This capability only applies where the role has real people-management responsibilities.
If you are not managing staff, do not force this into your application.
If you are, panels want more than “I led a team”. They want evidence that you set expectations, support performance, and develop capability in others. In practice, that means showing how your actions affected the performance and growth of other people, not just your own workload.
That is why this capability is usually strongest when answered through a STAR-style example. If you need a refresher, go back to our STAR Method Examples for NSW Government Applications.
What changes across the levels
- Foundational: clarifies work, gives feedback and supports team members
- Intermediate: develops people more deliberately and manages performance more actively
- Adept: builds capability, motivates staff and handles performance issues with stronger judgement
- Advanced: leads people through complexity and lifts team capability in a sustained way
- Highly Advanced: creates leadership depth and strong people-management culture across broader areas
How to build a stronger example
Good examples often show:
- setting clear expectations
- coaching or feedback
- recognising potential
- addressing underperformance properly
- developing others, not just directing them
Example paragraph: Foundational / Intermediate
In a supervisory role, I made sure team members understood what was expected of them and had the support they needed to do the work well.

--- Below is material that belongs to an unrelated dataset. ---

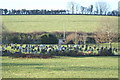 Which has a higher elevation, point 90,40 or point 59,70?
point 59,70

A common issue was that uncertainty about process or priority would affect consistency across the team. My task was to reduce that uncertainty and build confidence. I checked in regularly, gave practical feedback, and recognised good performance when I saw it. That helped build confidence and improved consistency across the team.
Example paragraph: Adept
While managing a small team, I identified that capability levels were uneven and that some staff needed more targeted support to perform consistently. My task was to strengthen the team overall, not just rely on the stronger performers. I set clearer expectations, provided regular feedback, and created opportunities for staff to build confidence in the parts of the role they were less secure in. That strengthened day-to-day performance and helped develop the team’s overall capability.
Example paragraph: Advanced
In a leadership role, I focused not only on immediate performance but on building longer-term capability across the team. The challenge was that some performance issues were affecting delivery, while other staff were ready for greater responsibility. My task was to manage both at the same time. I used performance conversations, stretch opportunities and targeted support to lift standards, while also dealing directly with issues that were affecting delivery. That created a stronger team environment and improved outcomes over time.
Final advice
People-management examples need to show that your impact went beyond your own work.
If you cannot show that, the example is probably not strong enough for this capability.